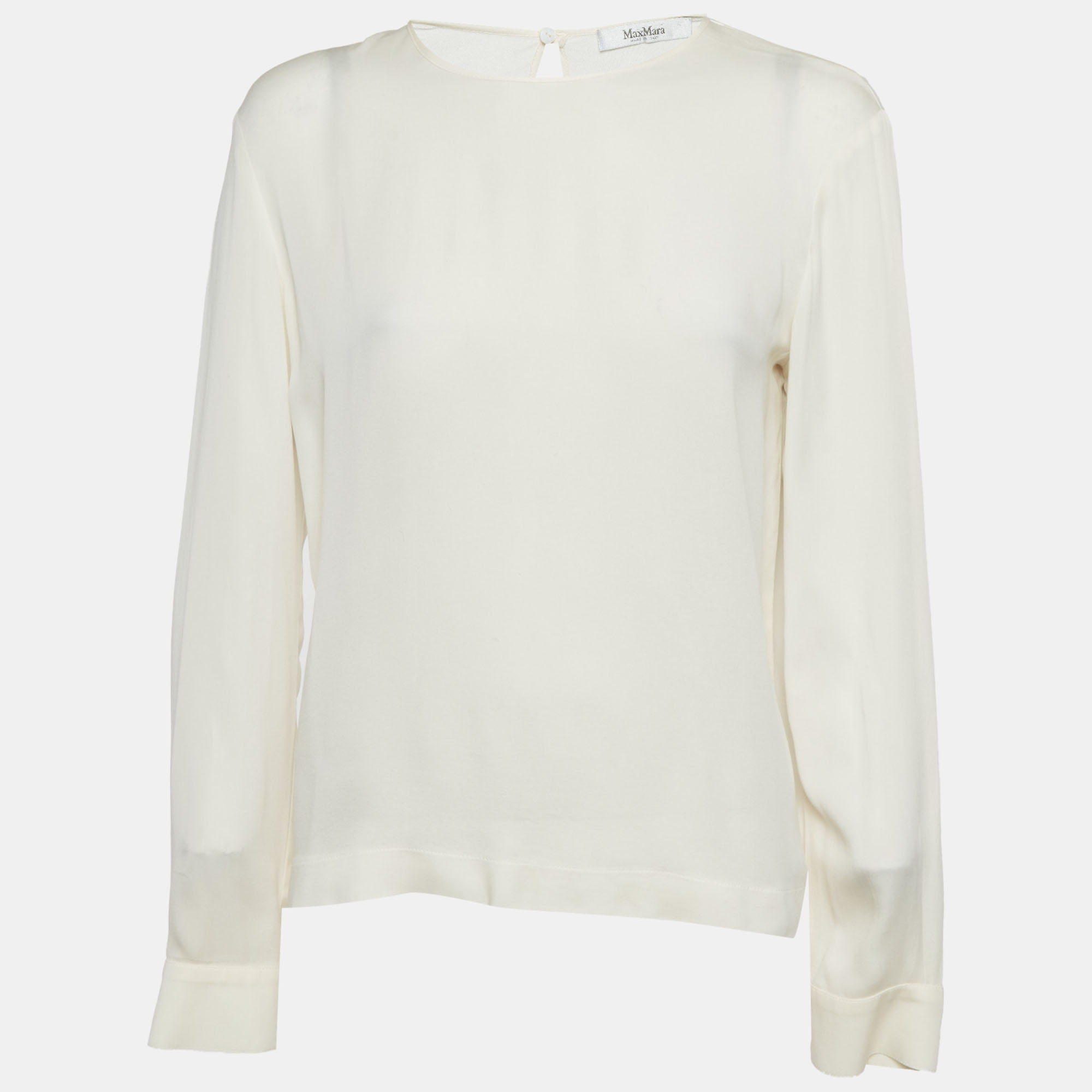 Max Mara Cream Jersey and Silk Long Sleeve Top M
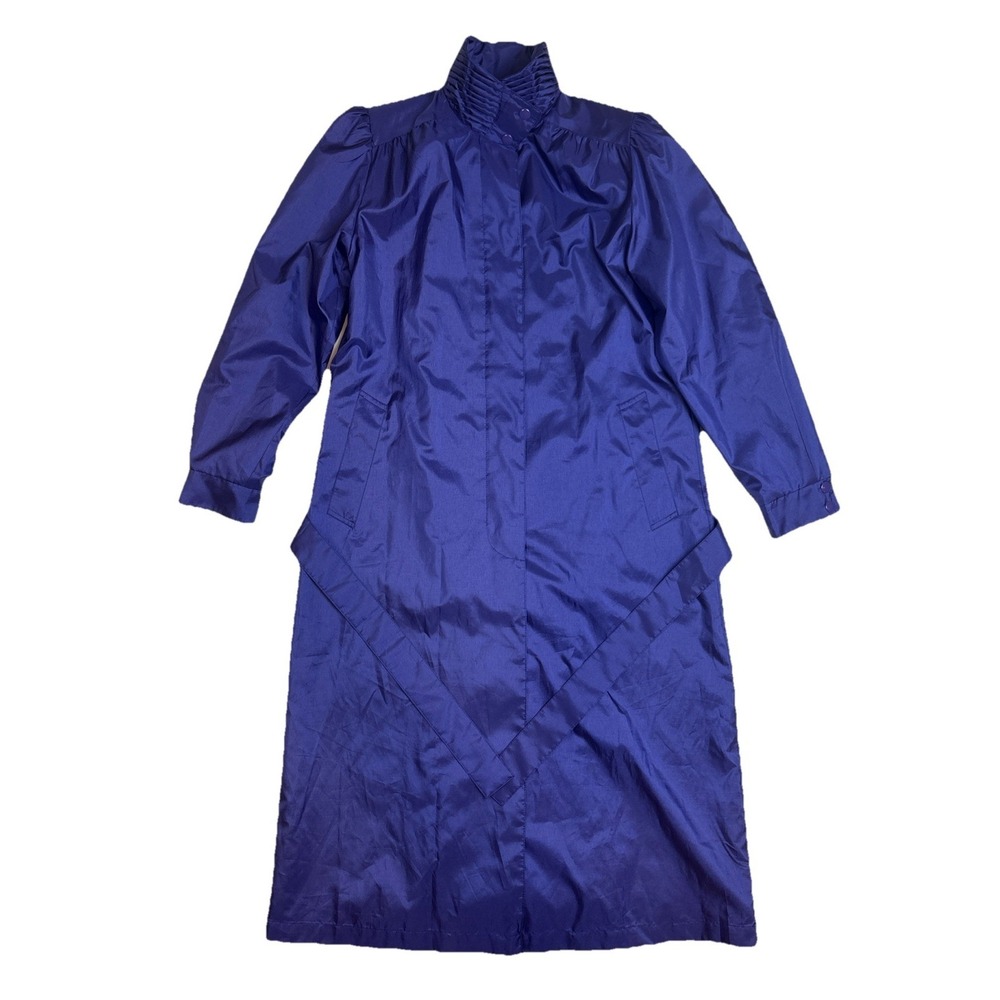 Vintage Nordstrom Town Square Rain Trench Coat Purple Womens Size 2 Petite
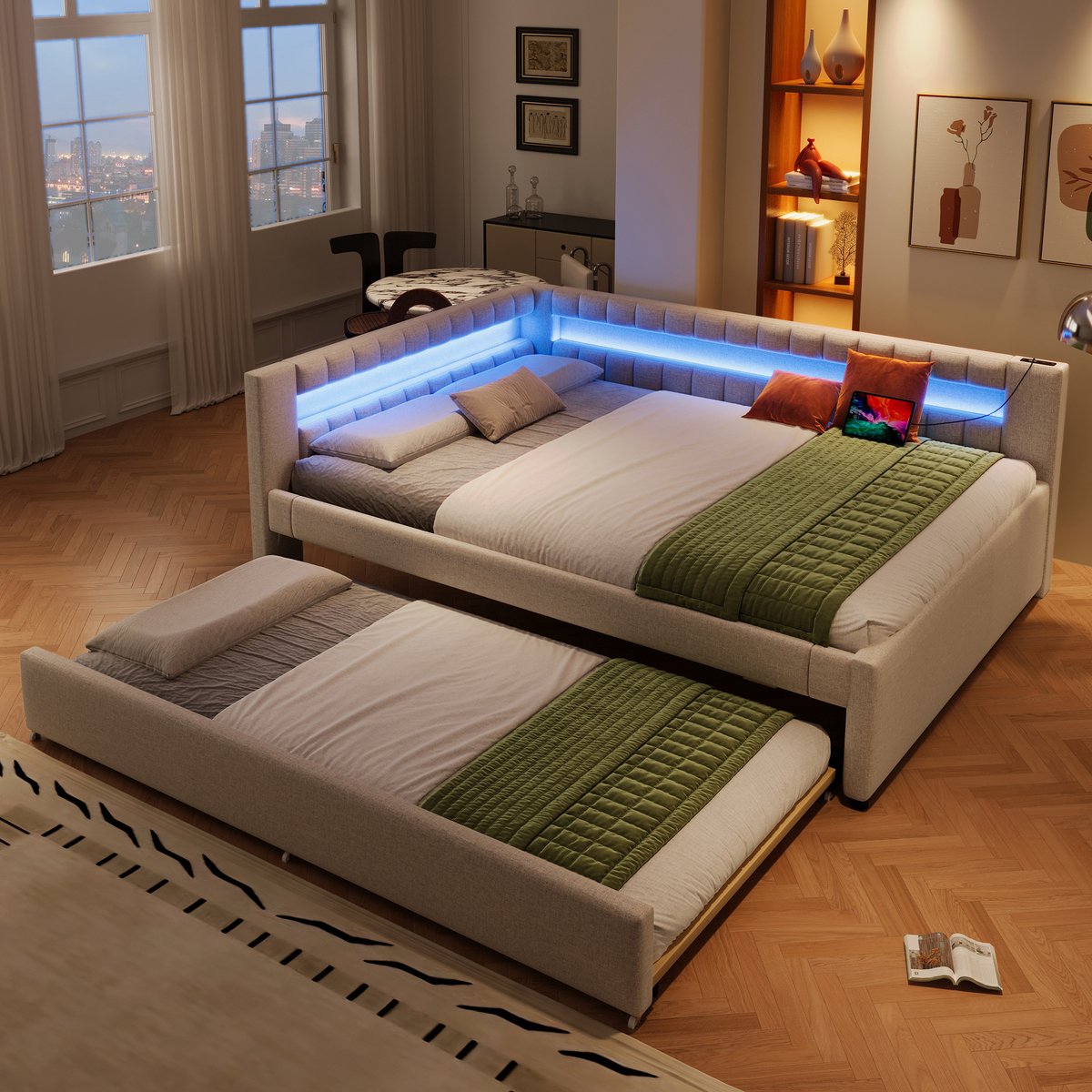 HAUSS SPOLE Daybed 140x200cm - Met LED Lichtstrip En Uitschuifbed - Met USB En Type C - Zonder Matras - Linnen - Beige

-----

_What the task requires_
Write out the data in full and exactly as given, though without the images.

_Response box_
 Max Mara Cream Jersey and Silk Long Sleeve Top M
 Vintage Nordstrom Town Square Rain Trench Coat Purple Womens Size 2 Petite
 HAUSS SPOLE Daybed 140x200cm - Met LED Lichtstrip En Uitschuifbed - Met USB En Type C - Zonder Matras - Linnen - Beige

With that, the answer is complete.